DATA UNDER STUDY:
----

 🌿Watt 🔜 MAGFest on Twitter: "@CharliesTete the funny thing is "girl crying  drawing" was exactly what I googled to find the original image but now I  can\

----

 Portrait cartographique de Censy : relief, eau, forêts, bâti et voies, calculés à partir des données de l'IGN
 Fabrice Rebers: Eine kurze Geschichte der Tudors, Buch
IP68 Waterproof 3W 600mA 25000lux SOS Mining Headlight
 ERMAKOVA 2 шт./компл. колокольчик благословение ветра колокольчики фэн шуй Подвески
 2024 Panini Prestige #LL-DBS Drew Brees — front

----

WHAT IS BEING ASKED: Looking back over the data above, restate word for word the lines that begin at the line with "Fabrice Rebers: Eine" and end at the line with "2024 Panini Prestige", inclusive.

PROBLEM SOLUTION:
 Fabrice Rebers: Eine kurze Geschichte der Tudors, Buch
IP68 Waterproof 3W 600mA 25000lux SOS Mining Headlight
 ERMAKOVA 2 шт./компл. колокольчик благословение ветра колокольчики фэн шуй Подвески
 2024 Panini Prestige #LL-DBS Drew Brees — front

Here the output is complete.